元々は、明治・大正時代に隆盛を誇った料亭・常盤花壇の食堂部門「ときわ食堂総本店」からのれん分けされる形で第5支店として独立し、昭和初期から戦後しばらくは東京都指定民生食堂として、戦後の復興を支える人々のために、“安く、ボリュームのある”料理を提供し続けてきた。
目指すのは他社と競合しない食堂
「浅草ときわ食堂」は東京都指定民生食堂だった歴史から、労働者に対して“安く、ボリュームのある”料理を提供する大衆食堂として、長年続いてきた。しかし、4代目代表取締役の牧 信真氏は「近年、低価格で食べられる同業態のチェーンの飲食店が台頭することによって、サラリーマンの顧客層が少なくなっていると感じていました。そうした時に、仮に近場に同業態のチェーン店が来た場合、大量仕入れや調理工程の機械化・マニュアル化によって大幅なコスト削減を行うチェーン店に対して、個店が安さと量で勝負しても負けると思ったのです」と語る。
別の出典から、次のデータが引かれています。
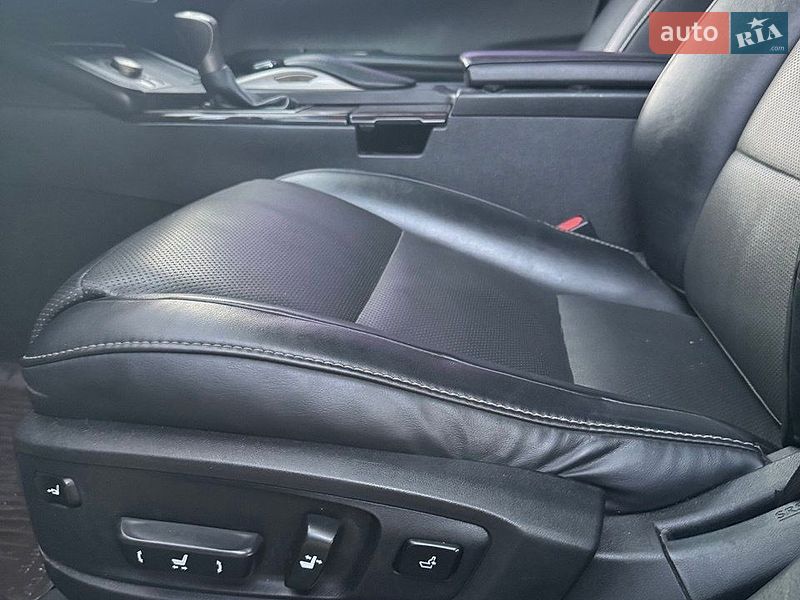 Седан Lexus ES 2016 в Києві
そこで、思いついたのが、“和食”を武器にして売り出すことだった。「実は父の代で、割烹での修行経験をもとに、提供する料理の質を普通の食堂とは一線を画すレベルまで上昇させました。そのことを踏まえて、『浅草ときわ食堂』が顧客である庶民に提供できるものは何かを考えていた時に、実は庶民が本格的な和食に触れる機会はあまりないと気づいたため、和食を打ち出すことを決めました」と牧氏。そうして、“和文化を通じて日常をちょっと豊かにする”という料理方針を確立し、顧客である一般大衆層が普段触れることのない、本格に近い和食を提供するようになったという。「和食の要である魚に関しては代々経営者自ら市場に毎朝足を運びこだわりをもって仕入れています。多分、食堂でこれだけちゃんとした和食を食べられるところはほとんどないと思います」と牧氏は自負している。
“自称日本一”のアジフライ!
父の代での料理の質の向上に加えて、牧氏はメニュー数についても見直しを行った。「先代の時代くらいまでは、メニュー数は多ければ多いほど良いという方針でした。ただ、冷蔵庫のスペースは限られていますし、めったに頼まれない商品のために他の商品の提供が遅くなるということもあったので、効率性を考えて注文される頻度が低い商品については削減しました」と牧氏。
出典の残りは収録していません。